Dynasty artifact, state-run media reported yesterday. The facility, built in Hebei Province at a cost of 540 million yuan (US$88 million), has “no qualification to be a museum as its collections are fake,” a local official told the Global Times newspaper. It had been closed, the paper said, while its founders have been placed “under investigation” after local residents accused them of wasting village money. Several items were supposedly signed by the Yellow Emperor in the 27th century BC, but the signatures used the simplified Chinese characters brought in after 1949.


Spain apologizes over delay

Spain apologized on Monday for its part in the events that led President Evo Morales’ plane to be delayed earlier this month during an international search for US fugitive Edward Snowden. The government has accused Spain, France, Portugal and Italy of closing their skies to Morales’ plane, which was searched at the airport in Vienna on July 3, after being told it was carrying Snowden from Moscow. “We recognize publicly that perhaps the procedures used in the Vienna airport by our representative were not the most effective,” Spanish Ambassador to Bolivia Angel Vasquez, told journalists after dropping the letter off at the Foreign Ministry in La Paz. “We regret this fact ... the procedure was not appropriate and bothered the president, putting him in a difficult situation.”


Predator sweep nabs 255

Authorities in nine countries, including the US, have arrested 255 alleged child predators in an operation led by Immigration and Customs Enforcement (ICE) agency that illustrated a growing trend called “sextortion” in which children are blackmailed into providing pornographic images of themselves, officials said on Monday.
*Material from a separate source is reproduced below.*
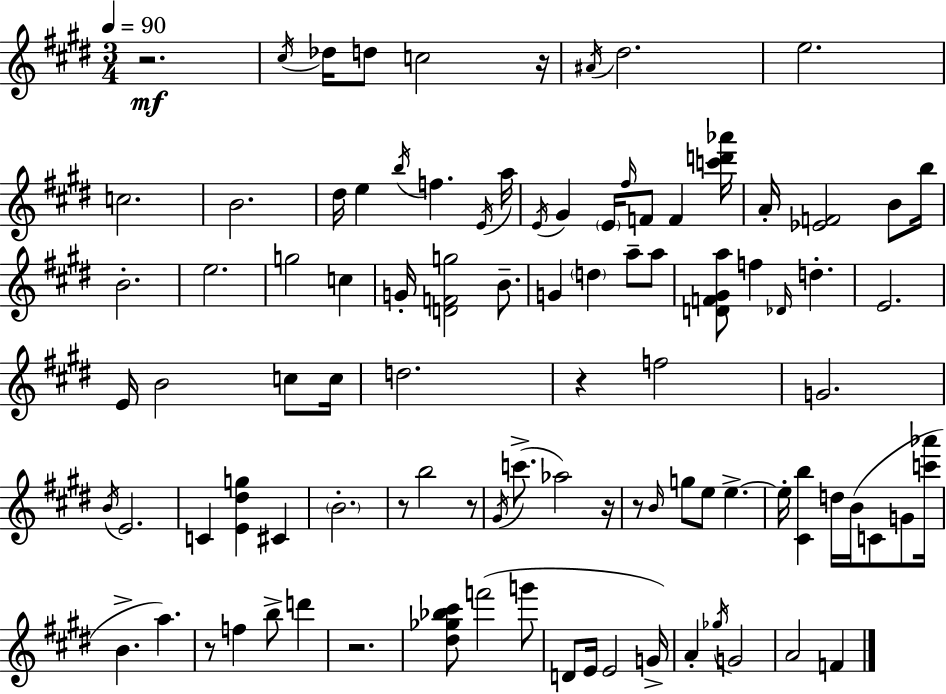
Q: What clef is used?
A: treble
The month-long Operation iGuardian last month was part of a larger effort to identify and rescue victims of online sexual exploitation and arrest their abusers as well as others who own, trade and produce images of child pornography, officials said. “In many instances, the abusers take advantage of a sexual image the child divulges in a chat room or over a text to force the child to continue to produce darker and more pornographic images on threat of broader disclosures of the images over the Internet,” ICE Director John Morton said.


T rex hunted live prey

The fearsome bite of a hungry Tyrannosaurus rex left behind new evidence that the famous beast hunted for food and was not just a scavenger. Researchers found a part of a T rex tooth wedged between two tailbones of a duckbill dinosaur unearthed in northwestern South Dakota. The tooth was partially enclosed by regrown bone, indicating the smaller duckbill had escaped from the T rex and lived for months or years afterward. The fossil provides definitive evidence that T rex hunted live animals, researchers say in Monday’s issue of the Proceedings of the National Academy of Sciences. The fossil, from about 67 million years ago, indicates the T rex bit the duckbill from behind and “intended to take it for a meal,” said David Burnham of the University of Kansas, an author of the report. Jack Horner of Montana State University said T rex apparently preyed on the weak, the sick and the young.


Weiner leads NYC race

Former Democratic representative Anthony Weiner has edged ahead in the race for the party’s nomination for New York’s mayoral election, a poll showed on Monday. Weiner, who quit Congress in 2011 after it emerged he had exchanged sexually explicit messages and photographs with various women on Twitter, now leads New York City Council Speaker Christine Quinn. The Quinnipiac University poll showed Weiner has opened up a three-point advantage over his rival, leading by 25 percent to 22 percent. Former New York governor Eliot Spitzer — whose stellar political career went up in flames after a sex scandal —is currently the front-runner for the city’s financial controller, according to Quinnipiac, leading rival Scott Stringer with 48 percent to 33 percent.